I've been thinking about this question a lot and after pondering it for a few days, I think I'm finally ready to answer it.
I say gameplay matters for me more for me than the story. Don't let that confuse you for me thinking that I don't care about stories, its just that having a good story alone doesn't make me want to finish a game. For me, if the game just isn't fun for me, and the story is amazing, I start to lose the reason I'm playing, which is to have fun. This is because I'd have to slog through being bored to get to what my enjoyment, which inherently makes me not want it that badly and stop playing altogether. For me, doing fun things within the game's world itself should come first and the story should help advance and add weight to the game while the gameplay itself locks you in and makes you want to keep playing.

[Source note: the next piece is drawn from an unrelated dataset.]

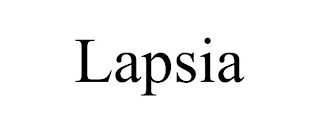 LAPSIA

There are games that weave the story into the gameplay beautifully. Bloodborne, where you are a quick and powerful hunter which hunts monsters and beasts, which is already fun to play. The story than helps advance the game by giving you a goal, to end the nightly hunt and also adds weight to the story by giving you information on why you are a hunter, why there are beasts, where they came from, and why you are so quick and powerful to combat them, and all the answers to all these questions that relate to gameplay, are also all big parts of the story itself. You are a hunter because Yarnham has a cure for all diseases but the nightly hunt begins when you arrive and in order to survive you need to become a hunter. There are beasts because the townspeople's addiction to the city's blood had a side affect and turned them into vicious beasts themselves, which is also where they came from. You are so quick ad powerful because you got a blood transfusion upon arrival which makes it so that you are faster and stronger in order to combat the beasts during the hunt. This seamless weaving of story and gameplay is what I feel games should be. The gameplay was made fun first and the story adds depth and weight to the world and your actions where the gameplay itself resides and explain why and how you can do what you do without the need for many cut scenes or forcing story down your throat. Bioshock and Undertale are other games that also have masterful gameplay to story dynamics in them.
Now there are games that focus on story but I personally felt the gameplay was lacking, which made me ultimately uninterested. The Last of Us comes to mind for me. I know a lot of people love the game's story and I'm not saying that it was a bad story. Just that story alone cant make a game great. Gameplay is the meat while story is the savory sauce used to accent and help the meat be even more delicious, not have a great sauce but a dry piece of meat. Now the gameplay in TLOU works but it just feels a bit...clunky and sort of lacking. The fire fights are fun against humans but anything having to do with infected was a slog for me. You either have to slow and ploddingly sneak through hordes of them or expend tons of ammo getting rid of them and the sneaking is not really engaging itself. In games with stealth, you need to gave a lot of options for getting through areas, like in the Metal Gear Series to keep the player thinking about creative ways to get past enemies, which makes planning out unique routes very fun. In TLOU, you can only throw a brick or bottle. That's it. You can hit an enemy or use it as a distraction. These sections are also filled with One Hit Kill enemies called Clickers that kill you instantly if you get anywhere near it if its alerted. With only one option being the bottle, you end up either waiting for large amounts of time until they separate into a easier way to stealth attack them (which takes like 5 whole seconds of you standing in the open, hoping you don't get spotted) or going into a gun fight with what little ammo you have so you better be a good shot in that case. Moments like this where I'm stuck between a rock and a hard place constantly makes me want to put the game down. There isn't even a variety of infected, just the Clickers, big ones that OHK you and eat all your ammo, and normal ones, where in Bloodborne, you get a ton of sickly and different horrors to face. Yes, TLOU is supposed to be 'realistic' but the human enemies could have wielded different weapons that stood out or acted differently and they could have gotten creative with the infected and their abilities. I will never say that TLOU is a bad game, because it isn't. This was just an example of a game with a compelling story but lacking gameplay which made me put it back on the shelf.
On the other hand, I will happily play a game which are fun but offers little story. I love most Nintendo games and it works for me since they really focus on the level design, enemy types, obstacles, challenge, and tight controls rather than trying to tell a super compelling narrative or the story take a back seat in favor of adventuring or exploring. For me, having fun should be what makes you want to play the game. If the story does that for you, more power to you! I'm just glad you're having fun as well.
If you read all this, you're awesome! lol Hope you enjoyed it! Feel free to add or to counter anything in it, discussion is always encouraged.